Fazia frio. «O menino não tenha medo que não fazemos mal ao seu paizinho». O menino não sabia ainda se tinha medo, só estava perplexo a ver o seu pai ser lavado por uns senhores de fato tão negro como se pintava ainda essa noite. Fazia frio e escuro. O menino, tão menino ainda, sabia ao que eles vinham: encarcerar o pensamento. E se era por isso que eles levavam o seu pai, ocuparia ele o seu lugar, o lugar da cidadania. Pai não te preocupes eu faço o trabalho por ti.
Ao fim da manhã, vindo da escola primária onde os meninos estão também separados das meninas por um muro, a caminho de casa na rua soldados da India, na parede branquíssima a perder de vista, o muro dos Altos Estudos Militares, ele vai pintar em vermelho veemente, uma foice e um martelo.
Os senhores carvão que gralham como corvos não podem levar o menino, e ele sabe isso, e ele aproveita-se disso, não podem encerrá-lo numa cela escura. Se o fizessem ficariam sem meninos e um país sem meninos não existe mais. Perde-se o futuro em brumas.

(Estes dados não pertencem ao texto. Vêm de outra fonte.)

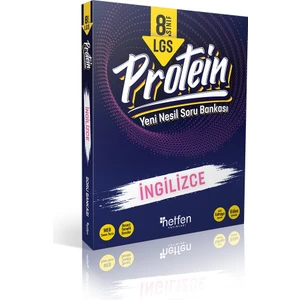 Netfen Yayınları 8. Sınıf LGS Protein İngilizce Yeni Nesil Soru Bankası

O pai foi preso mas voltaria a sonhar com a utopia e um dia, que se andava a anunciar, o céu limpou os farrapos sujos das nuvens e num fenómeno estranho e único, todas as flores, em uníssono de si, floresceram no calor do sol que as enamorou.

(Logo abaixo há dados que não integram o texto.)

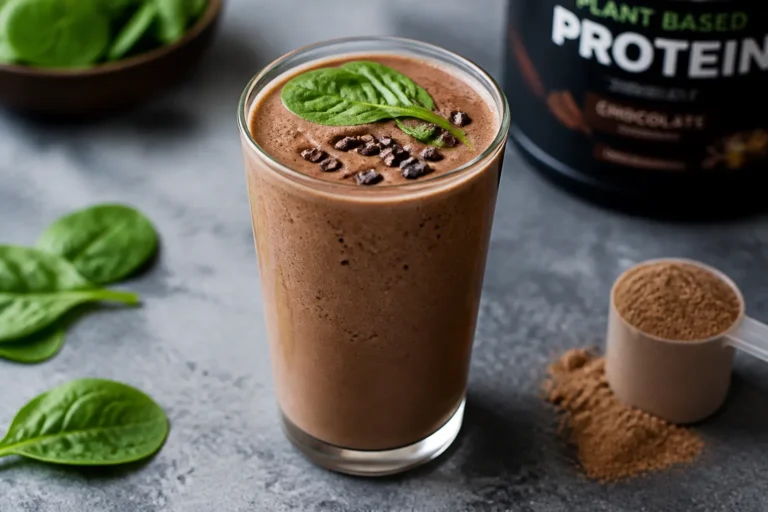 Chocolate Protein Smoothie With Spinach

O menino entretanto cresceu, fez-se homem, fez-se pai, fez-se avô e não deixou de cantarolar para o neto aquelas canções que seu pai cantava para si. Poemas sobre quimeras.
O Pedro esteve preso e fê-lo por todos nós que fomos o seu futuro. Andamos de novo distraídos e os corvos que rondam já se anunciam.
Vamos lá cantar as janeiras, todos juntos que se ouve melhor.